30. Cinta monyet

430 42 9
                                    

{Selamat Membaca}
ㅡㅡㅡㅡㅡㅡㅡㅡㅡㅡㅡㅡㅡㅡㅡㅡ

"Jian... kamu duluan aja ke kamar bunda," titah Chandra pada sang adik.

"Kenapa kak? 'Kan katanya baru sarapan," ucap Jian.

"Ish!
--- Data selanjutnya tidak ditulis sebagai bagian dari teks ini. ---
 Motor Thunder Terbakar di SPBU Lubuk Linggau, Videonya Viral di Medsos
Abang mau jajan di depan, udah sana!"

Jian mendelik, "mau jajan juga!"

"Ish bocil... udah sana duluan ke kamar bunda," Chandra bersikukuh menyuruh adik bungsunya itu pergi duluan ke kamar inap sang bunda. "Nanti pas sekolah abang jajanin cimol deh sepuasnya," bisik Chandra.

"Sama pop es juga!"

Chandra berdecak, "iya," finalnya.

Jian tersenyum kemenangan, ia sebenarnya sadar melihat kakaknya itu melirik-lirik ke arah seorang anak perempuan di area parkiran.
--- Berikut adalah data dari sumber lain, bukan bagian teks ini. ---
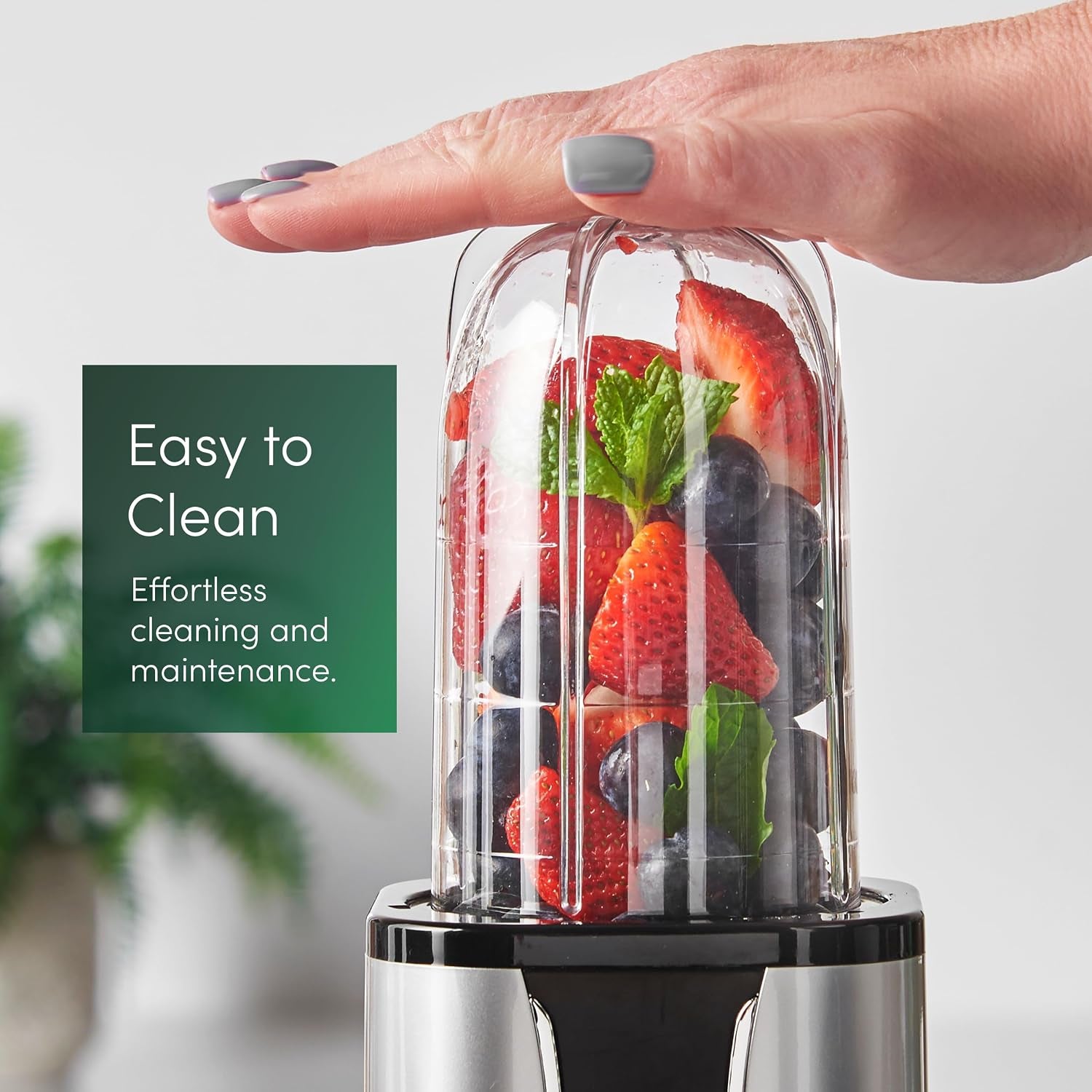 Blender, Juicer, Grinder | 4-In-1 Multi-Functional Personal Blender & Smoothie Maker| 2 Speed Settings and Pulse Function for Crushing Ice| for Smoothies, Protein Shakes and More 550W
"Kak, semangat godain kakak cewek di parkiran ya!" ucap Jian sedikit berteriak. Chandra yang mendengar itu membelalakkan matanya dan berniat memberi pelajaran pada adiknya itu. Tapi Jian bergerak melarikan diri lebih cepat dibanding dirinya. Alhasil ia hanya bisa mendesis pelan, menahan rasa malu karena beberapa orang memperhatikannya.
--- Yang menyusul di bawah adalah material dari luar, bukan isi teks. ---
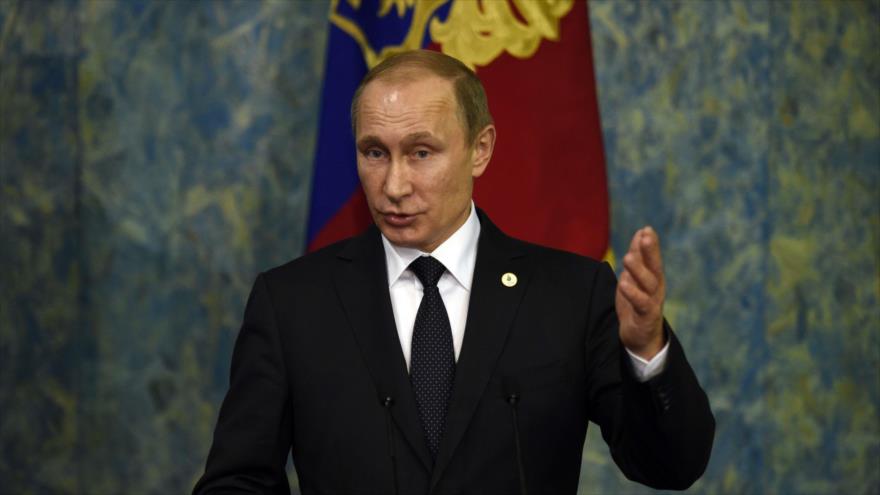 Presidente de Rusia, Vladimir Putin, durante una rueda de prensa en los márgenes de la Cumbre del Clima en París (Francia), 30 de noviembre de 2015.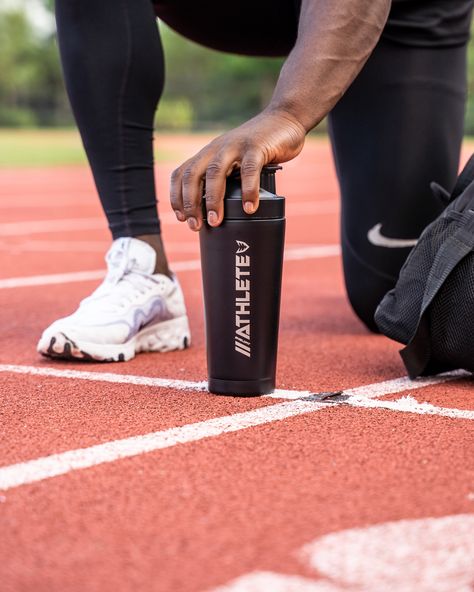 The ''Athlete'' 720ml Stainless steel protein shakers double insulated design is perfect for keeping your pre or post workout shaker colder and fresher for longer. Fitness Supplement Photography, 2024 Inspiration, Design Proposal, Perfect Eyelashes, Protein Shaker, Social Media Advertising Design, Product Shoot, Muscle Up, Shaker Bottle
"Hai," sapa Chandra pada seorang anak perempuan yang duduk di bangku area parkiran.

Perempuan itu tersenyum tanpa menjawab Chandra. Ia menggaruk tengkuknya yang tidak gatal.

"Kamu sendiri kesini? Ngapain?"

Perempuan itu menoleh, lalu mengeluarkan ponsel jadul dan mengetikkan sesuatu.

'Maaf, aku tuna wicara rungu. Aku lagi nunggu bapakku yang lagi di apotek buat ambil obat.'

Chandra tersenyum dan mengangguk, ia berpikir sebentar dan mengingat jika 'tuna wicara rungu' itu artinya seseorang kesulitan untuk mendengar dan berbicara.

Ia mengeluarkan ponselnya dan mengetikkan sesuatu.

'Aku boleh temenan sama kamu?'

Perempuan itu mengangguk dengan antusias. 'Aku Syakira, panggilannya senyamannya kamu aja' ketiknya pada ponsel jadulnya.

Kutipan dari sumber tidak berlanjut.